Feb 8, 2009 personal
I don’t know why, but the term “sophomore heaven” came to mind the other day. It has been well over a decade since I’ve heard or even thought of this term, and some reason I flashed on it.
What is it?
Sophomore Heaven was a common term used back in my high school. In my district, to help with school population freshmen actually attended middle schools as the senior class (I can’t remember if that was state-wide or a county thing), so sophomores were the underlings, and thus the ones who received the blunt of all the junior and senior hi-jinks. One tradition was that during school assemblies, sophomores were required to sit in the balcony of the auditorium, while the main floor was reserved for seniors and juniors. If a sophomore was caught trying to be stealthy and sit on the main floor, a spotlight was placed on him and he was not-so-graciously escorted back to “sophomore heaven” by the Usher Squad (of which I was a member in both my jr. and sr. years) with much fanfare and heckling from all members of the audience.

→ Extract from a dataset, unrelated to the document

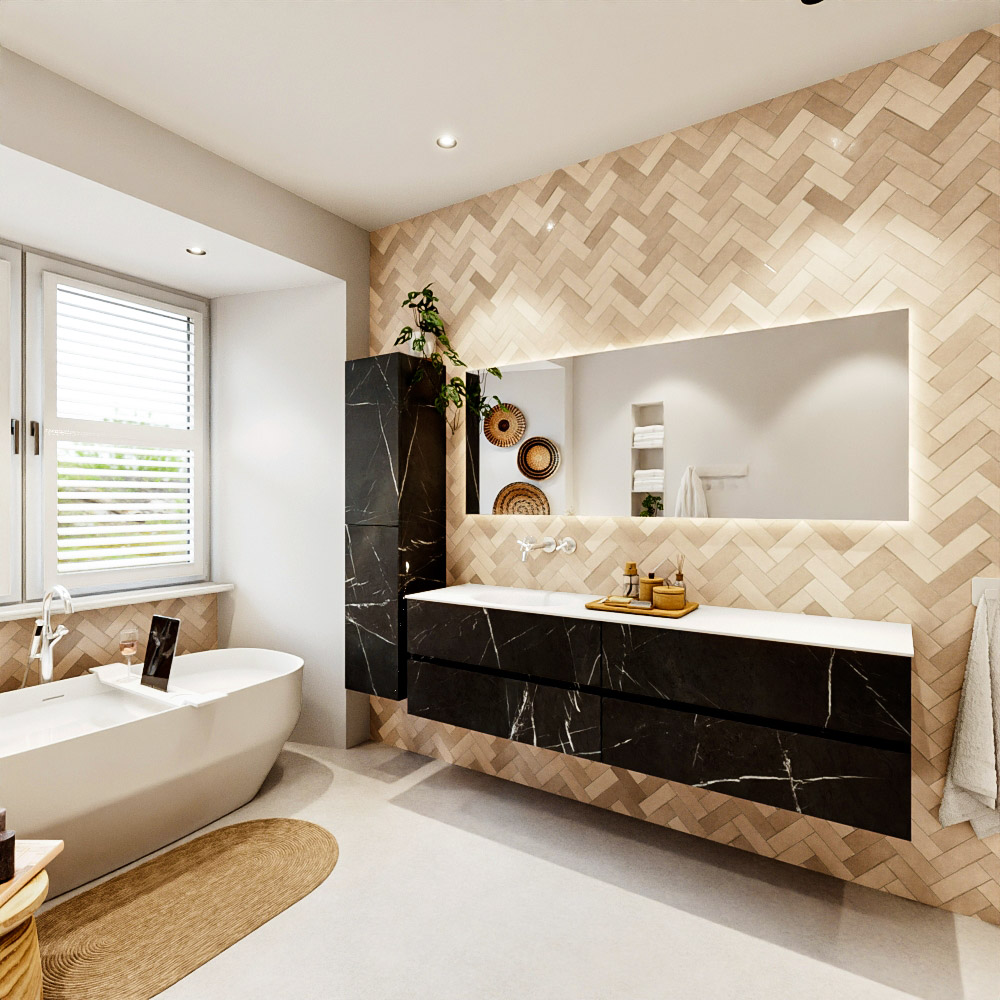MONDIAZ VICA 180cm mueble de baño Marquina 4 cajones. Lavabo MOON Izquierda sin orificio color Talc con espejo LED. 4 MONDIAZ VICA 180cm mueble de baño Marquina 4 cajones. Lavabo MOON Izquierda sin orificio color Talc con espejo LED. - Imagen 4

It’s interesting that as you get older, the ages of people you associate with mean less and less. In high school, most kids would only associate with other kids of the same class. Sometimes the junior class would hang out with seniors, and sophomores with the juniors. But rarely did you see sophomores and seniors in the same groups together. Some of those lines still remained true during college. But once you enter the workforce, age difference means less and less. I’ve reported to bosses and business owners younger than me (and I was in my 20′s), but I’ve also employed people older than me. Socially speaking, nothing has quite been like the experience that high school was.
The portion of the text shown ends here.